In ihrer Amtszeit, konstatiert er, könnte sich "die Zukunft von ARD & ZDF entscheiden": Ob sie links liegen gelassen werden "wie ein altes Möbelstück" (das aber eigentlich eher steht als liegt) oder "als gesellschaftlich breit verankerte und technisch innovative Informations- und Diskursanbieter, die den öffentlich-rechtlichen Grundgedanken unter sich verändernden Vorzeichen fortwährend neue Geltung verschaffen". Damit Letzteres eintritt, müsse der WDR als größte ARD-Anstalt tatsächlich vorangehen, meint Novy. Die Erwartungen an Vernau jedenfalls, das sieht man daran, sind doch etwas größere. (Aber hui, was fordert Russ-Mohl da an selber Stelle, emeritierter Professor für Journalistik und Medienmanagement? Wirklich einen "Gebührenboykott": "Die Medienpolitik in Deutschland sowie ARD und ZDF sind leider so konstruiert, dass der Selbstblockade kaum zu entrinnen ist. Auch das Bundesverfassungsgericht hat mit seiner Rechtsprechung bisher eher die Selbstgefälligkeit als die Beweglichkeit des ÖRR befördert. Helfen würde wohl nur ziviler Ungehorsam, sprich: ein Gebührenboykott, den alle mittragen, die den ÖRR an seinen Programmauftrag erinnern möchten.")
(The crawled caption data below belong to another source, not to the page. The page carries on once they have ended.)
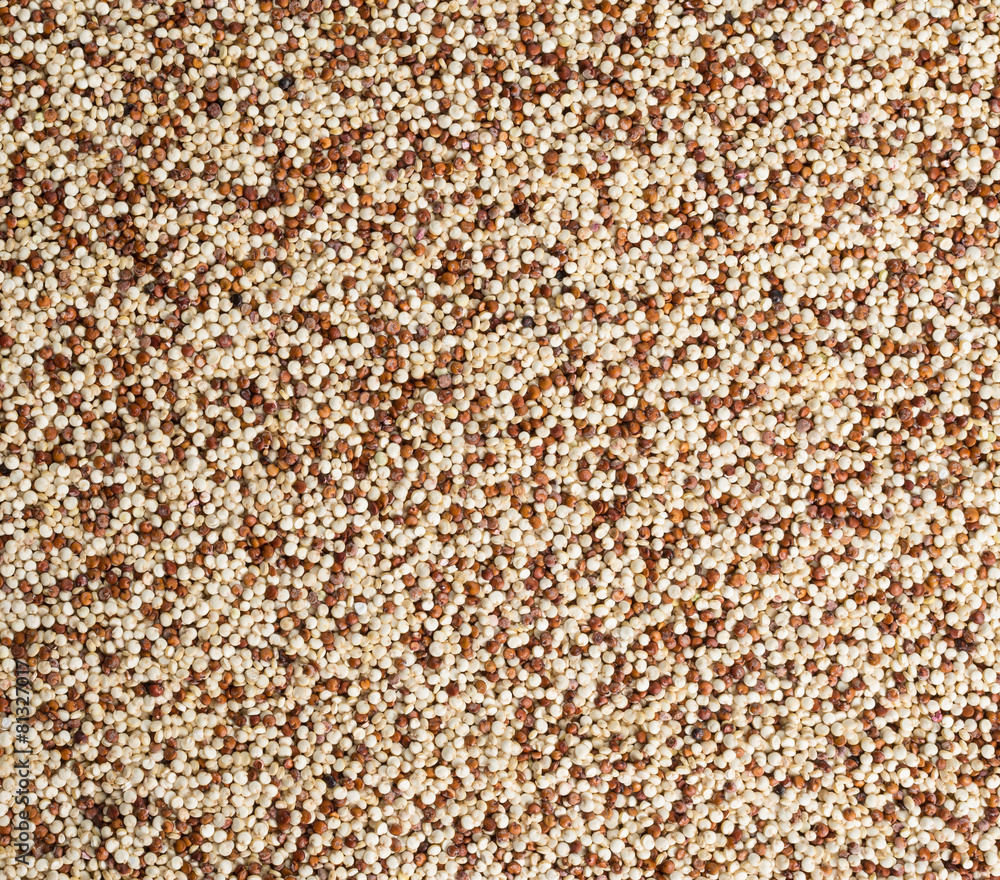 Quinoa Quinoa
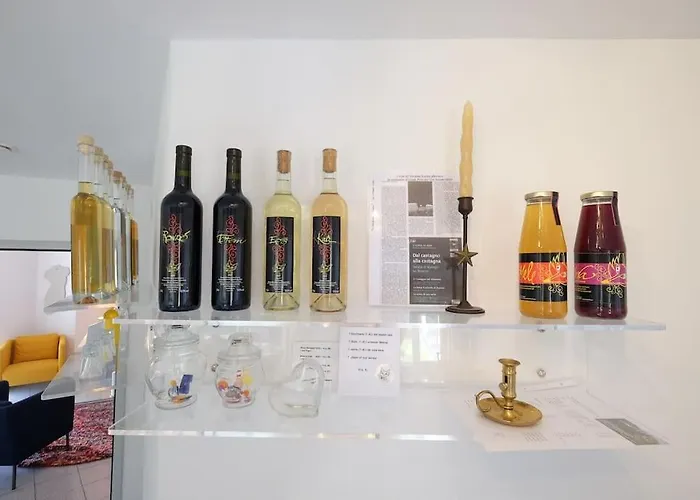 Daire Da Kaethy A Val Mesolcina Grono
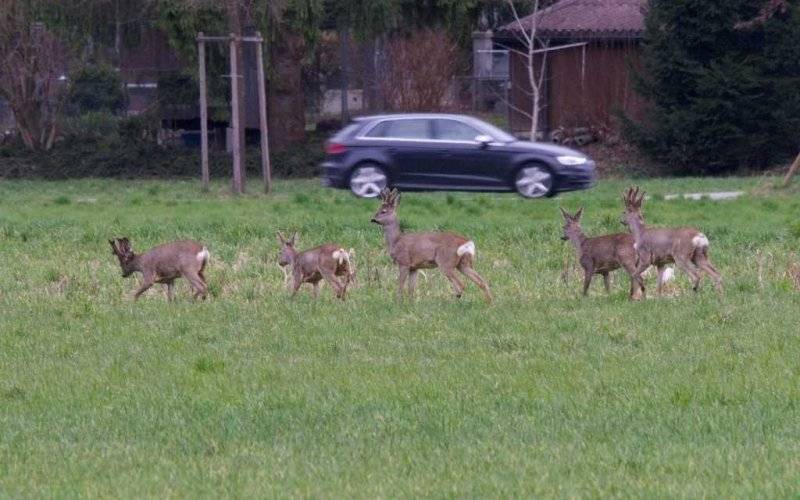 Dachował, bo chciał uniknąć zderzenia z sarną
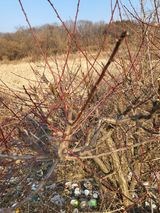 최병우님의 작성글 사진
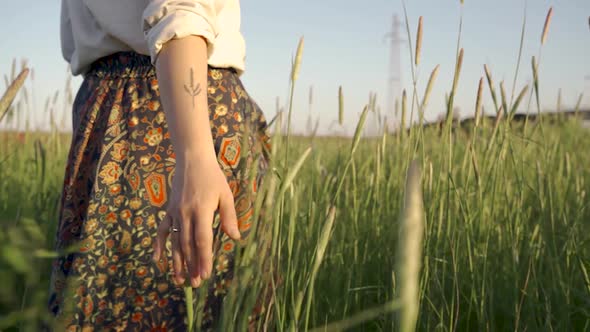 Hand passing through a field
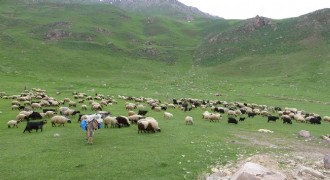 Doğu’da yaylalara göç vakti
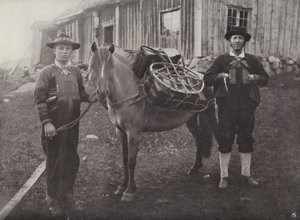 Saetersdalen Hochländer mit Packpferd von Norwegian Photographer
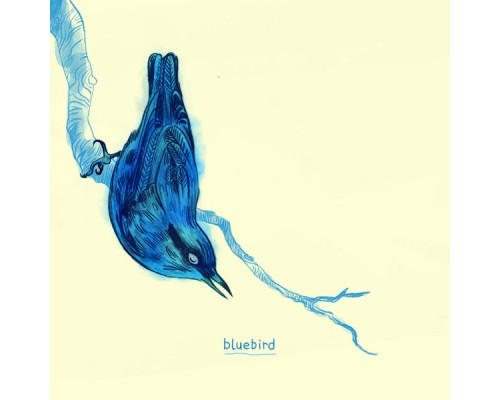 Bluebird - Bluebird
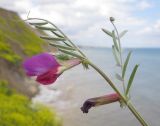 Vicia angustifolia. Верхушка побега с цветками. Краснодарский край, Темрюкский р-н, мыс Железный Рог, приморский обрывистый глинистый склон, на кромке обрыва. 09.05.2015.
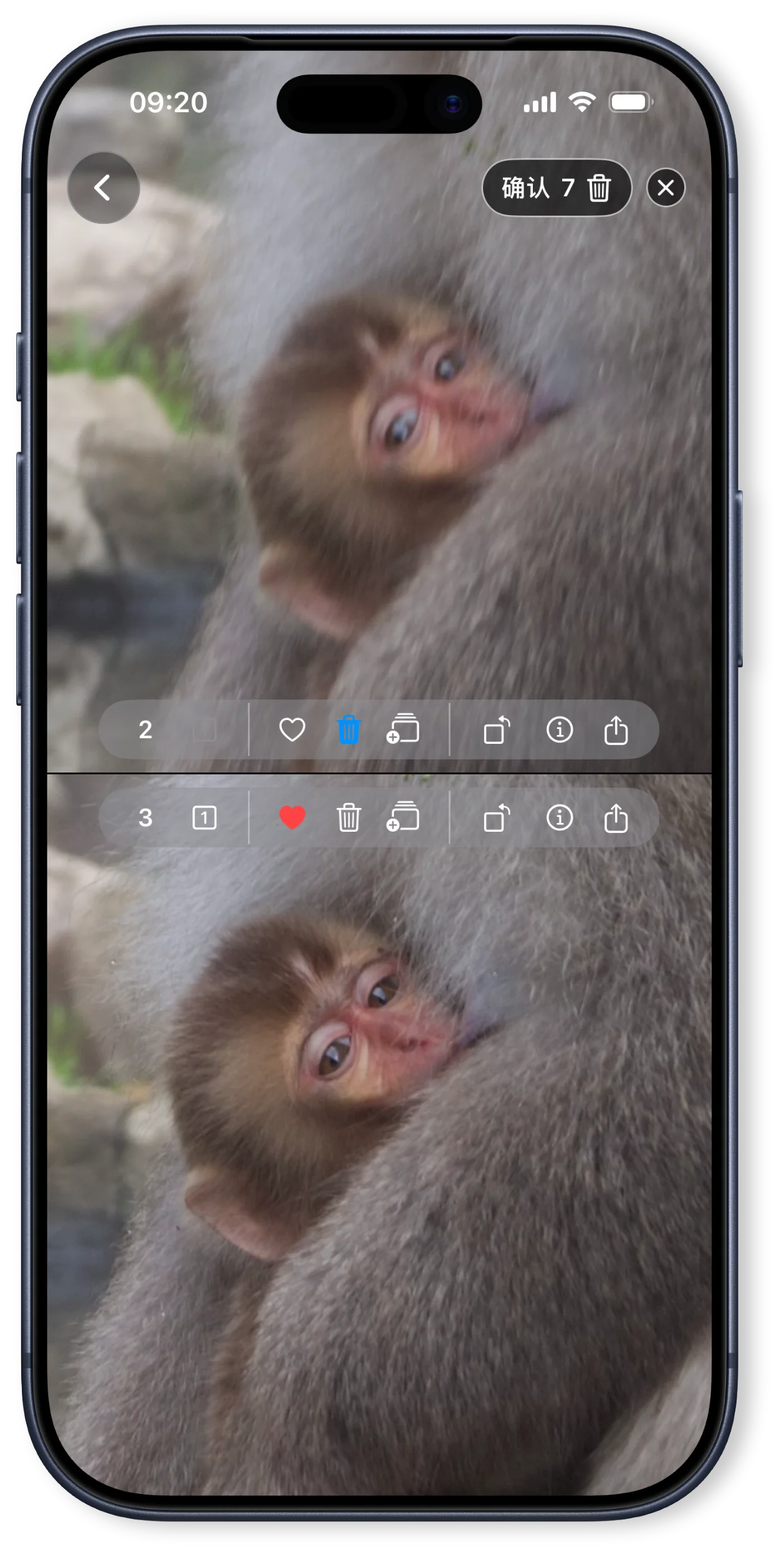 并排对比照片，同步缩放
+++ Als der französische Milliardär Vincent Bolloré war zuletzt hier Thema war, ging es um seine Pläne in Südafrika. Nun hat der "Spiegel" (Abo) online aufgeschrieben, wie er, der "den Schwenk von den Konservativen zu den Rechtsradikalen längst vollzogen" habe, bei der Parlamentswahl in Frankreich "im Hintergrund die Strippen" ziehe.

+++ Nach 100 plus x Folgen seines Newsletters zieht Johannes Kuhn in seinem "Internetobservatorium" eine etwas bittere Zwischenbilanz: "Ich habe mich schon lange damit arrangiert, dass das Internet kein Möglichkeitsraum (mehr) ist. Aber, und das klingt naiv, aber ist relevanter: Wenn das Internet 2024 unsere gesellschaftliche, verhaltenspsychologische und interpersonale Zukunft andeutet, denke ich mir oft: es sollte es besser kein integraler Bestandteil meines Lebens mehr sein."

+++ Schon "Kaulitz & Kaulitz" bei Netflix gesehen? Die Reality-Serie läuft seit einigen Tagen dort, und nach dem ersten größeren Schwung Kritiken tröpfeln immer noch Rezensionen und Artikel hinterher. Eine kluge Kritik kam vor einigen Tagen schon von Daniel Haas und stand in der "NZZ": "Raffinierter lässt sich das Leben als Spiegelgefecht mit dem eigenen Image, den Ansprüchen von Publikum und Schlüssellochblick-Presse nicht erzählen. Ob das alles so richtig und authentisch ist, was in den acht Folgen von den Kaulitz-Brüdern berichtet wird, spielt keine wesentliche Rolle."

+++ Und wie geht’s weiter mit der medialen Duelliererei? David Hugendick vermittelt in einer "Zeit"-Glosse eine Ahnung: "Wegen großen Erfolgs gründet sich bald Duell-TV, wo sich zum Beispiel Vertreter der allgemeinen Wutgruppe 'Anwohner' und ein amerikanischer Tourist über Themen wie Nachtruhe anbrüllen dürfen, ebenso kann man sich künftig auf der App Duellando ­überall in deutschen Großstädten verabreden, falls man was mit jemandem wirklich klären will, was wiederum ein paar hagestolze Traditionalisten stark kritisieren…", und der Satz geht natürlich noch weiter.

Am Montag schreibt das Altpapier René Martens. Schönes Wochenende!